I woke up to El Gato wrapped around my arm, playfully biting me. Yeah, that’s the kitten, El Gato.
It’s the Holiday season. You are going to be giving and receiving gifts. You are going to be celebrating with the people you love. But there are souls that are less fortunate than we are.
The charity of my choice here in Columbus is called Faith Mission. They feed and give shelter to as many as 400 homeless families every night. It costs them a couple bucks per person to feed each person a meal. I also help a program here in our school district that feeds kids whose families don’t have enough food to feed them over the weekends (Share BacAPac).

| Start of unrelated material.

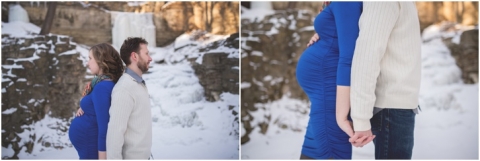 St. Paul Maternity Photographer | www.rachelfarganisphotography.com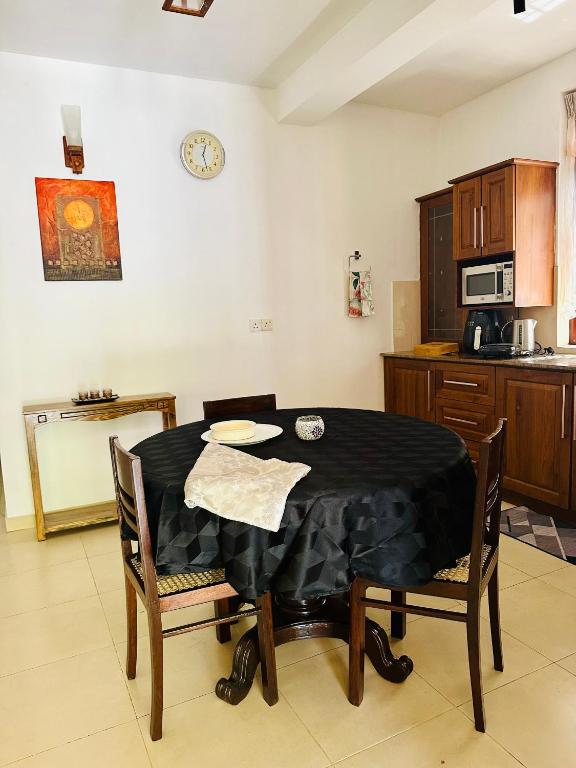 Kuchyň nebo kuchyňský kout v ubytování Casa Winnie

I also support Ohio Rottweiler Rescue. I don’t own Rottweilers and never have. But Gayla, the proprietor, literally goes out and rescues abused dogs, often releasing them from the trees that they have been chained to for years. One dog she rescued just had to have a bullet removed from its neck. The bullet was put there by the owner who left him chained up to a tree for his entire life. Gayla has 15 or 16 dogs she cares for now.
You and I can’t do as much to help as we wish we could. But each of us can do something. No matter how small, we can make a difference. Even if we don’t believe that what we have to offer is enough to make the difference, it does.
Practice gratitude this holiday season. Be charitable. Know that what you do makes a difference.